START INFORMATION SUPPLIED
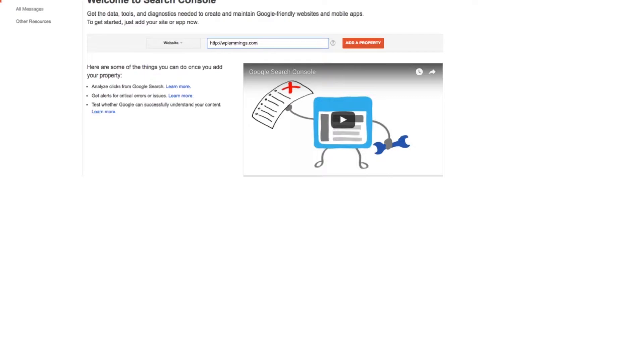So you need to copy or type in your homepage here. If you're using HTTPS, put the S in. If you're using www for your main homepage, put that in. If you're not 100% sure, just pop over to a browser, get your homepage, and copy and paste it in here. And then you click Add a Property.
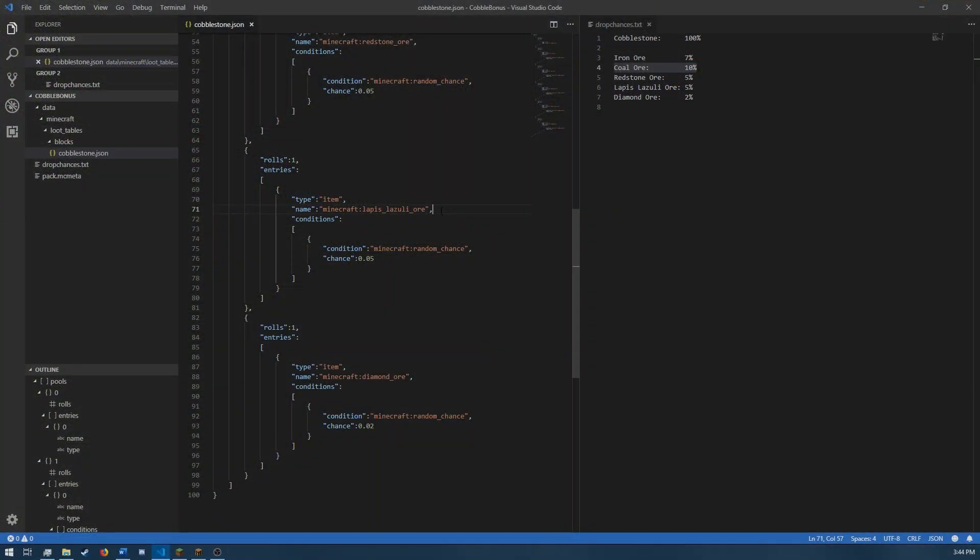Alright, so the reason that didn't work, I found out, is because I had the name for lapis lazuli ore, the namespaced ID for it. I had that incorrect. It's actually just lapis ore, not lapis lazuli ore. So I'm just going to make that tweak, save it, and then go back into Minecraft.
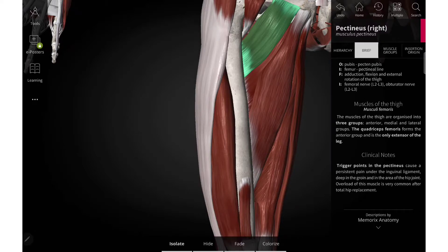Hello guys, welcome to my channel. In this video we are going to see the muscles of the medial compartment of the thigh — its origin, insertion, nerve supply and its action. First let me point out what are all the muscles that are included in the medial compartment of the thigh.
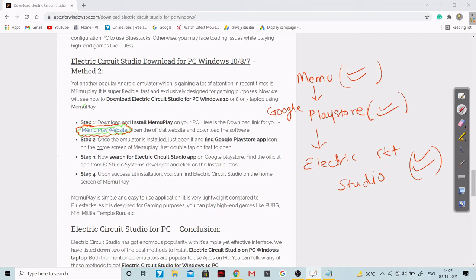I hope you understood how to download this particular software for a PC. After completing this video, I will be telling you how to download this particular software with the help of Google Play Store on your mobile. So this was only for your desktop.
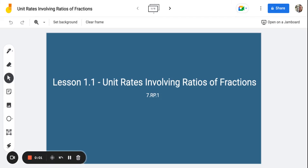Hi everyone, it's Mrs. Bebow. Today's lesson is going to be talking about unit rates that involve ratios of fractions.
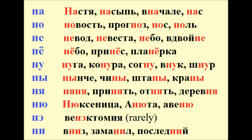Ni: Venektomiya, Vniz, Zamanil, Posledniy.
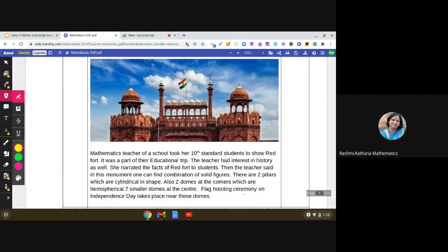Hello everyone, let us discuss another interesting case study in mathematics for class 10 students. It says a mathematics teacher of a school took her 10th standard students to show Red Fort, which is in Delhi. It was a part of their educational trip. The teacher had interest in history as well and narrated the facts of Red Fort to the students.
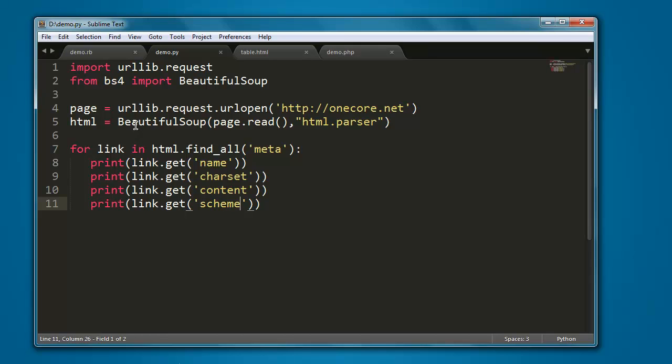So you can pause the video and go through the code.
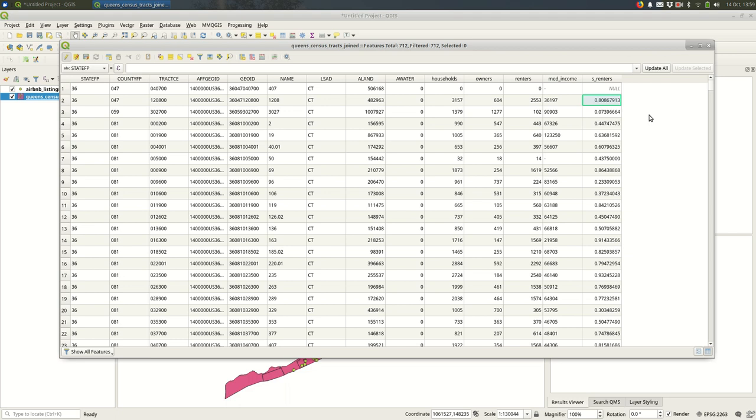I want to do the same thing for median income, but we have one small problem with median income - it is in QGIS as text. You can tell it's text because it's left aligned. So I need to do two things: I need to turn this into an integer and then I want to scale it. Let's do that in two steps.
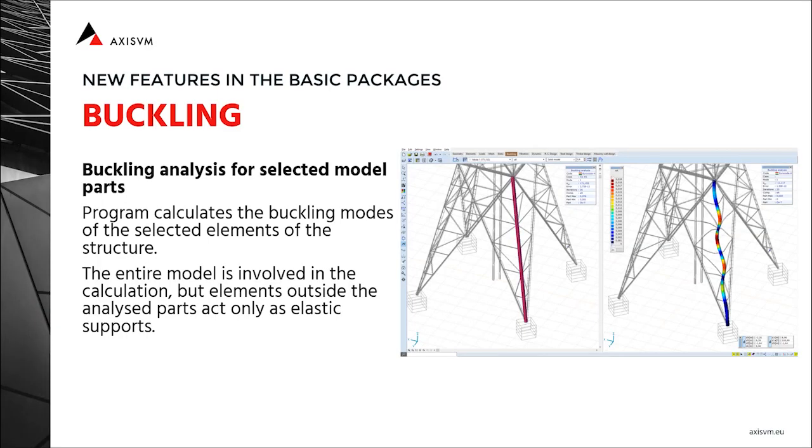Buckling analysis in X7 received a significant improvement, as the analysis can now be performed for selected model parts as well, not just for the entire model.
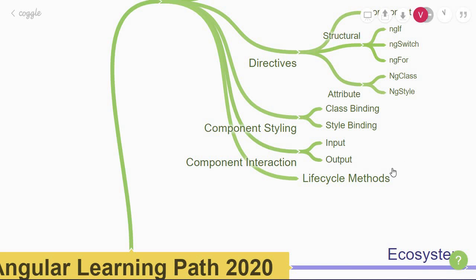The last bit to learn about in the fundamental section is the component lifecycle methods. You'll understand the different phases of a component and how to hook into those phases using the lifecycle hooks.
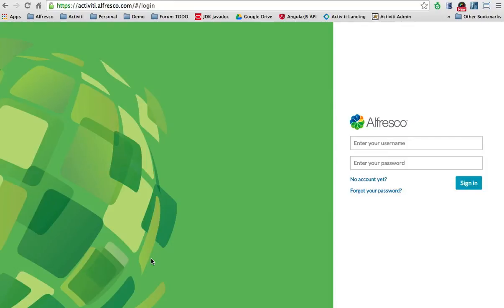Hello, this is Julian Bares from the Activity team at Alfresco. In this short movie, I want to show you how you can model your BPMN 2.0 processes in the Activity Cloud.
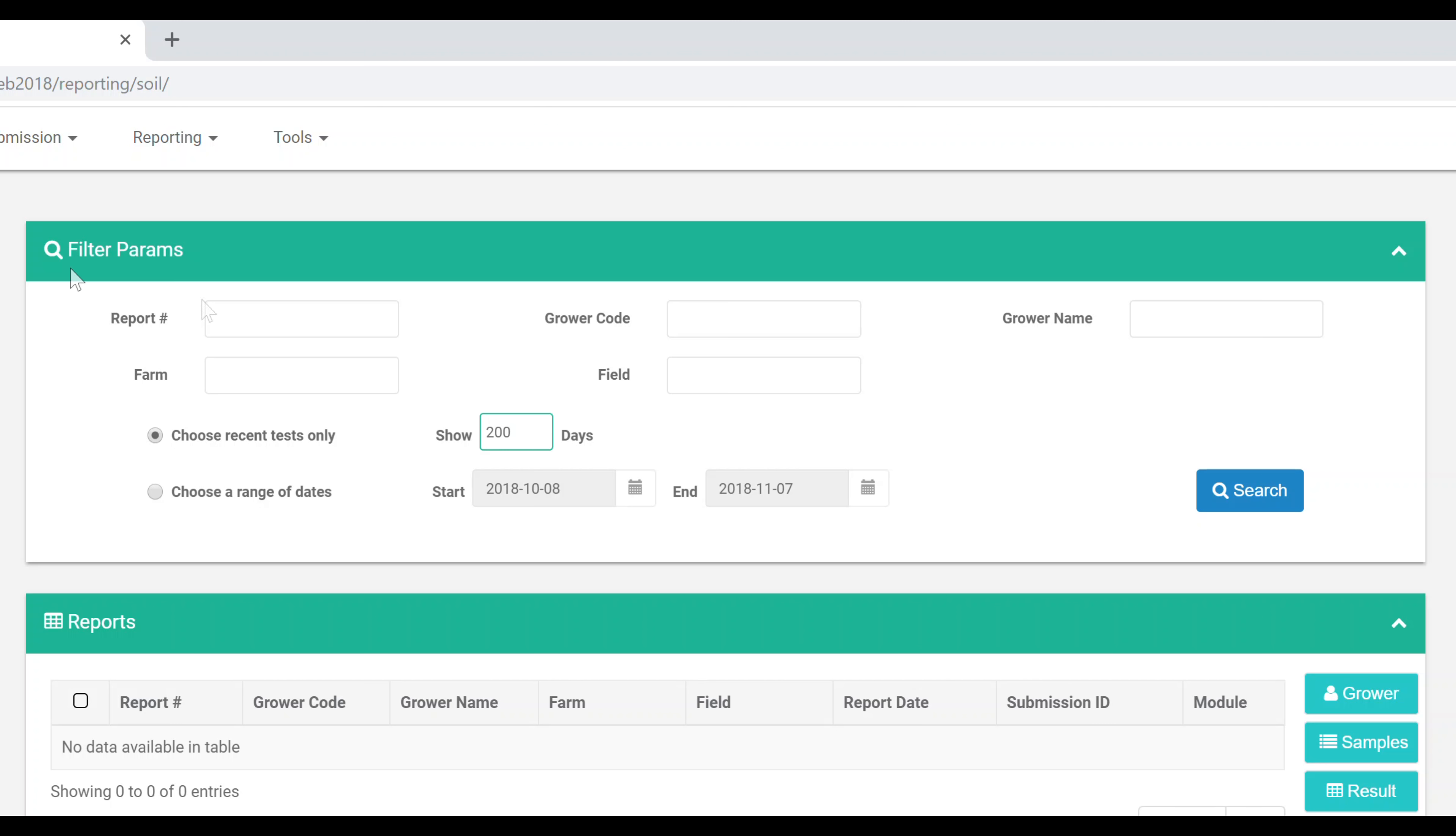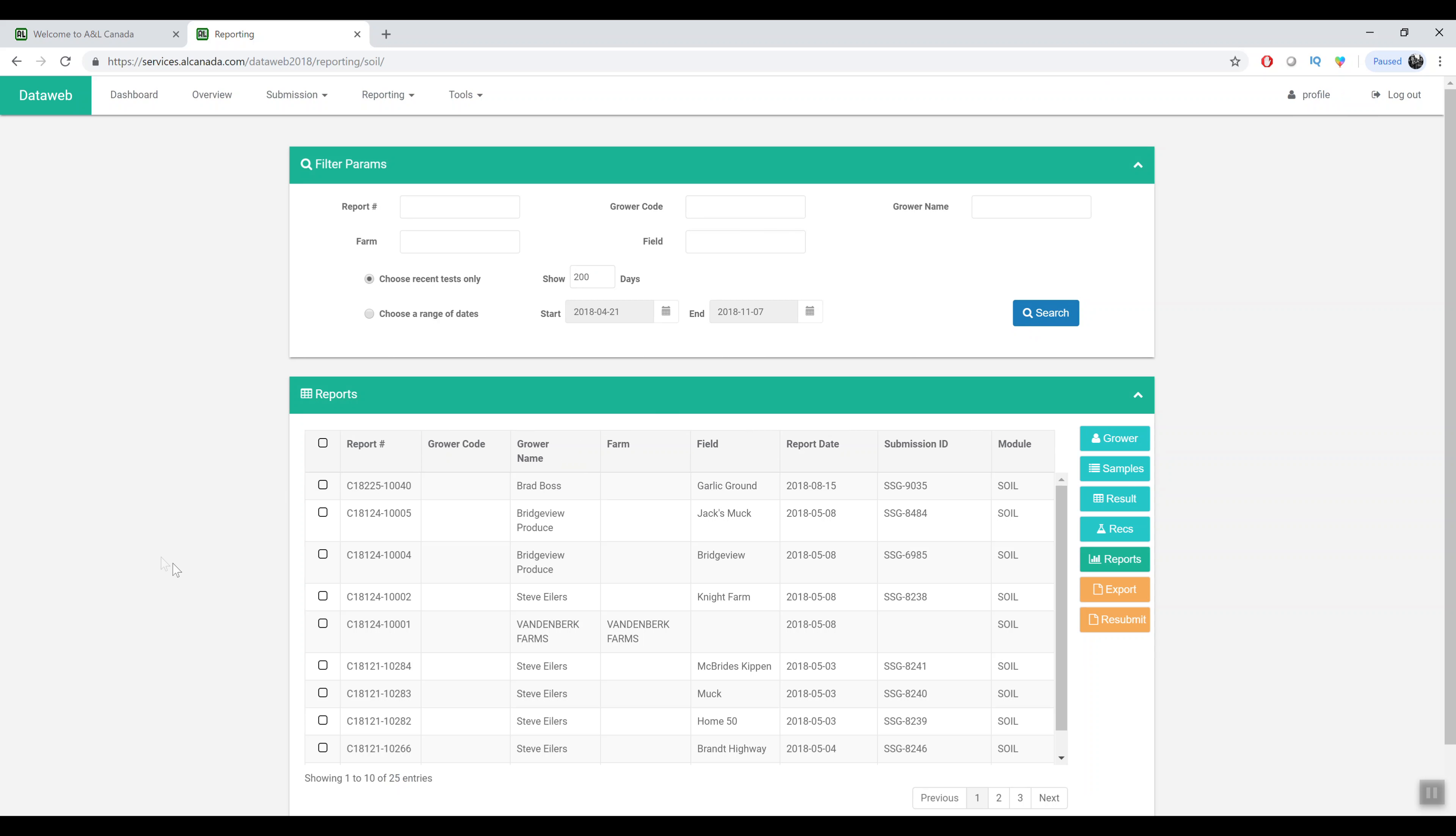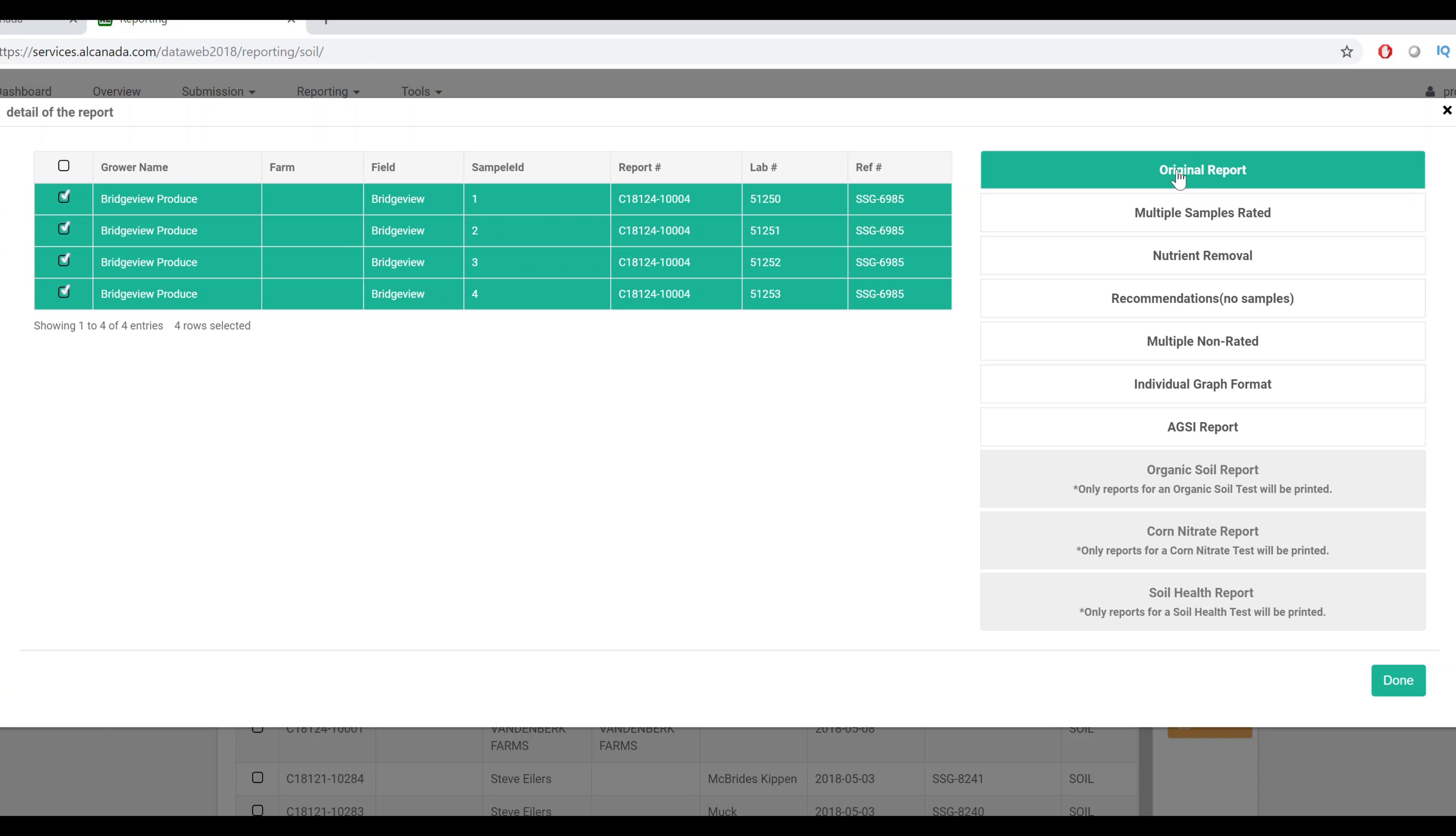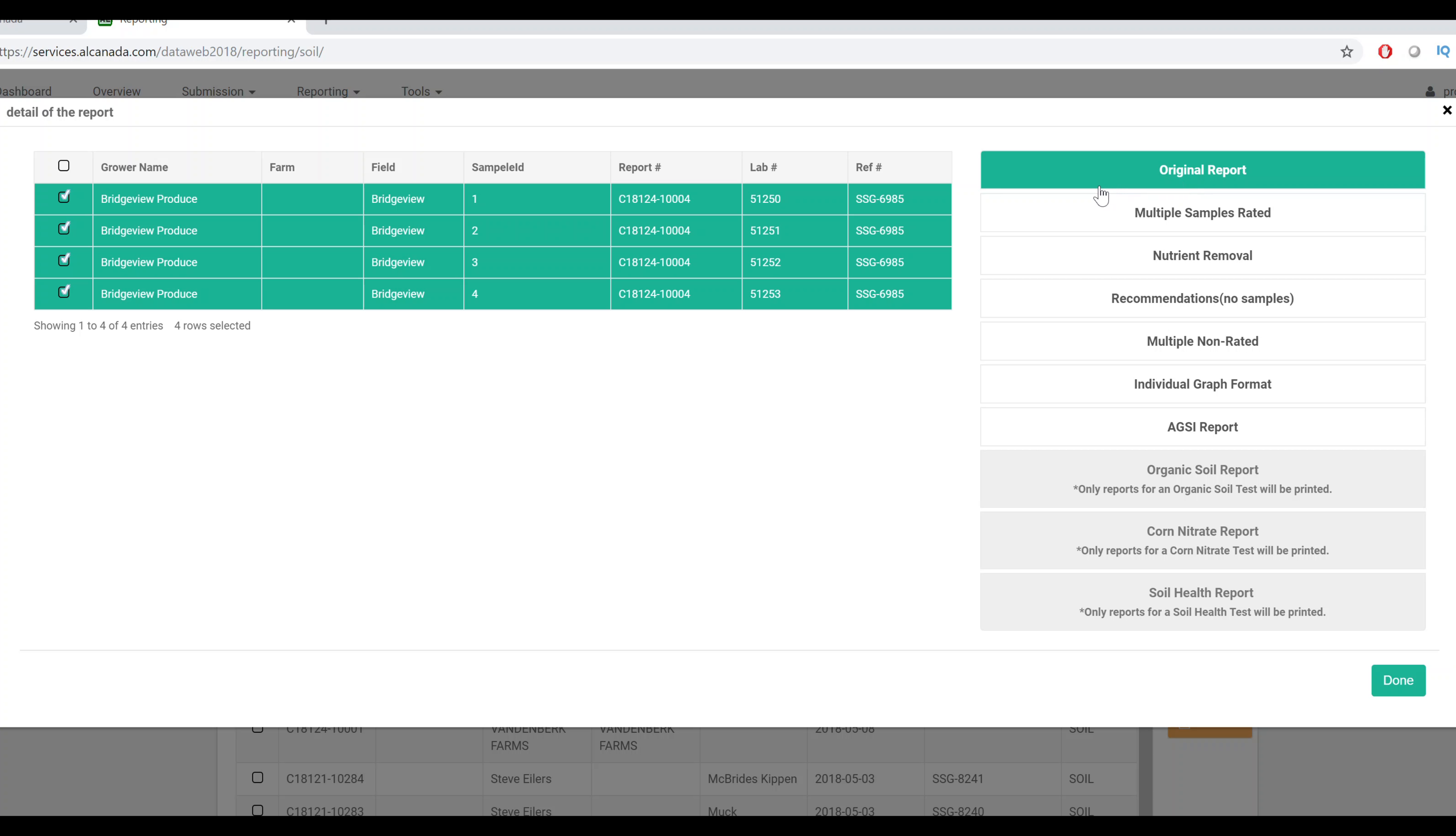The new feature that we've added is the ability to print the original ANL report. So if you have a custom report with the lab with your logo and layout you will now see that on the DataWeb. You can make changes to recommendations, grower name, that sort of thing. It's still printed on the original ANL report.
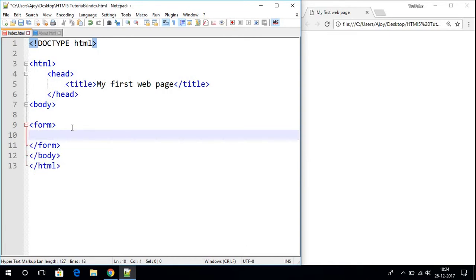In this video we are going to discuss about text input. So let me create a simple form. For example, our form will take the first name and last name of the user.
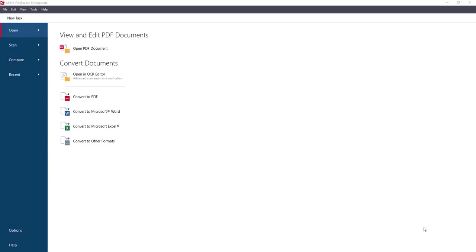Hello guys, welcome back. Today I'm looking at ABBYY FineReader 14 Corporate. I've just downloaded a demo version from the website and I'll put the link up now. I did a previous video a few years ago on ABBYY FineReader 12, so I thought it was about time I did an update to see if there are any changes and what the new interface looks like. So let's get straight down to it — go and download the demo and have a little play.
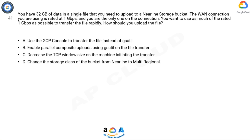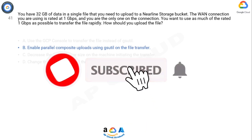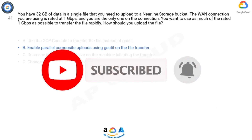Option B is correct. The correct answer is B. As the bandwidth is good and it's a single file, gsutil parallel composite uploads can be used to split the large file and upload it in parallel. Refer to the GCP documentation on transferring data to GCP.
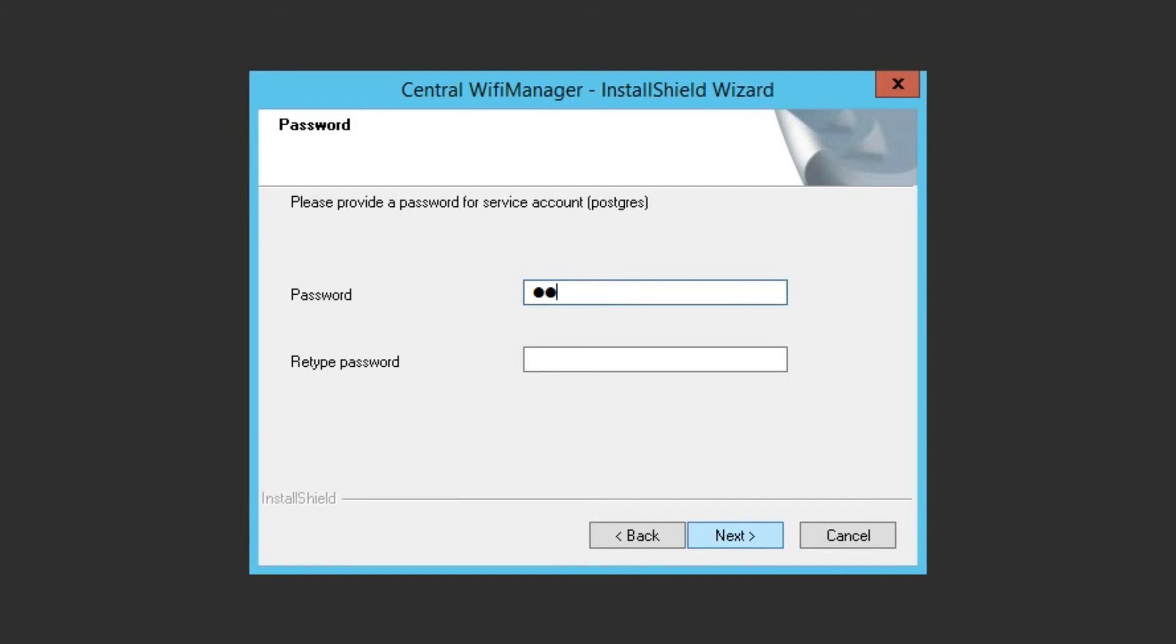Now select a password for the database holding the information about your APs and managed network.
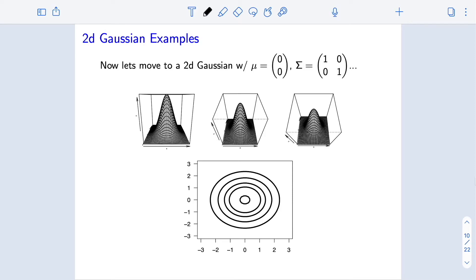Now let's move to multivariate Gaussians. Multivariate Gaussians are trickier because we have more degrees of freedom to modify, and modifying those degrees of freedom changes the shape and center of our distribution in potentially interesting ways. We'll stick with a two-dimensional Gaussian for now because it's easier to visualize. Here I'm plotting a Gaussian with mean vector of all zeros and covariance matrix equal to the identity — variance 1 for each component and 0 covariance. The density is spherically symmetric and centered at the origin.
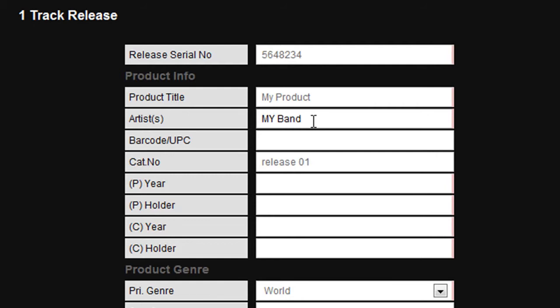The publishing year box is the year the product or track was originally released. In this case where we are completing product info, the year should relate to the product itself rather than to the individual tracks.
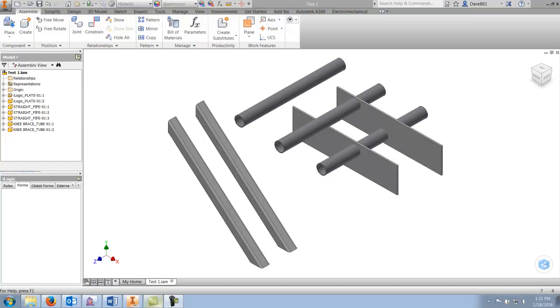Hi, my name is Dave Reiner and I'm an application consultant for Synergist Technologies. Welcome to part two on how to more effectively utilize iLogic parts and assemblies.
END INFORMATION SUPPLIED
*TASK DIRECTIONS*: Starting with the line that holds "The publishing year", transcribe exactly each line through the last one of the material above, and nothing else. Do not include pictures.

*RESPONSE AREA*:
The publishing year box is the year the product or track was originally released. In this case where we are completing product info, the year should relate to the product itself rather than to the individual tracks.
Hi, my name is Dave Reiner and I'm an application consultant for Synergist Technologies. Welcome to part two on how to more effectively utilize iLogic parts and assemblies.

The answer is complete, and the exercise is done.